More than 1,000 tents were being distributed in remote villages flattened by the quake.

Soldiers and volunteers used bulldozers and bare hands today to pull survivors and bodies from the rubble of houses and buildings.

However, many people complained that they had received no help from government agencies and the military.

Some 200 angry residents blocked the main road between Baramulla and the border town of Uri for about 45 minutes, demanding that soldiers with aid and journalists go to their mountainside villages, which they said were being ignored.

“Everything is destroyed – the ground shook and took everything down,” said Syad Hassan, pointing toward the peaks surrounding the valley road.

The quake killed at least 65 people in his home village, Namala, and three neigbouring villages, he said, but no aid had been provided to them.

“All the government people, the press people, they are just driving past,” he said.

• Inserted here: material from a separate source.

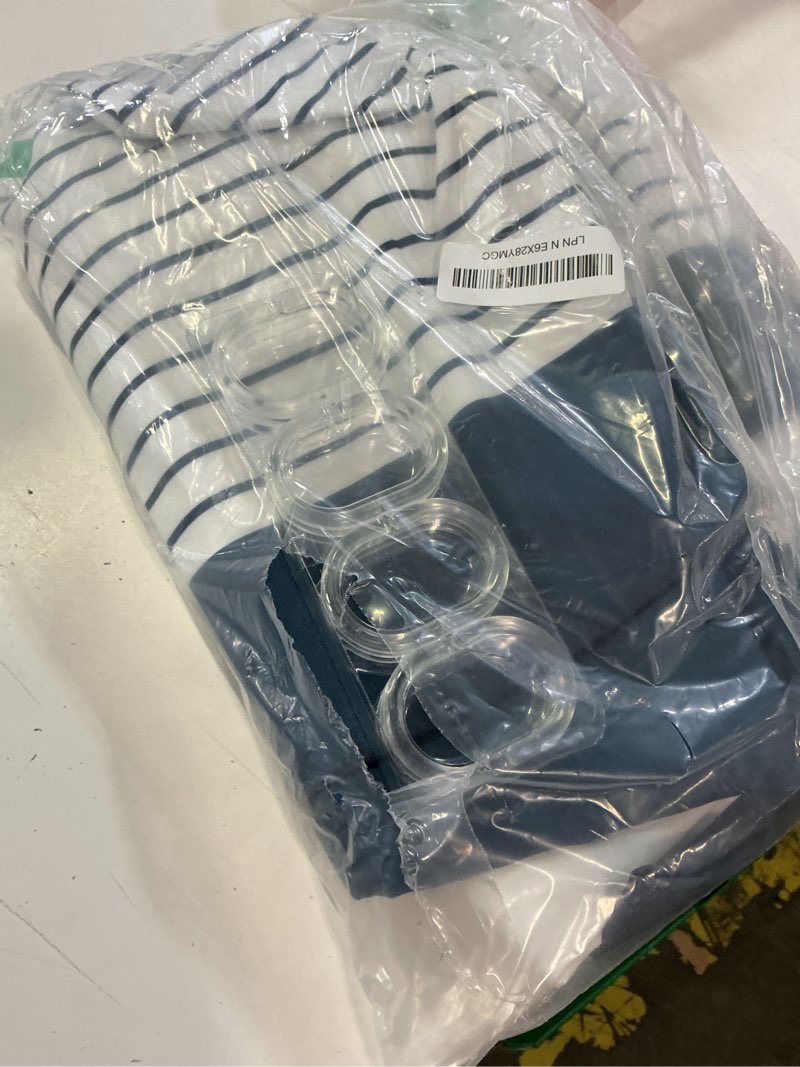 Condition photo showing Good Condition for amazerbath boho shower curtain set, rustic faux linen navy blue striped shower curtain with hooks, modern farmhouse shower curtain with tassels, white base toned, 72x72 inches boho navy blue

Farid Khan, a farmer in Jabla, a village about 70 miles north of Srinagar, told an Associated Press reporter, “No one has come to help us. Yesterday, we buried 20 people in the village, including my five-year-old daughter. We don’t know how many more people are lying under the debris.”

Khan watched helplessly as his wife lay writhing in pain on a cot nearby, her ribs broken after their house collapsed.

Officials blamed the slow response on difficult conditions in the area.

Heavy rains overnight hampered rescuers and relief distribution, said B.B. Vyas, divisional commissioner of Jammu-Kashmir. Mud, debris and knee-high slush from landslides blocked roads, cutting off many remote villages.

Officials in India feared their country’s toll of 450 would rise as severed telephone lines are restored and more reports come in from isolated villages. Some 900 people were injured, said Bakaya.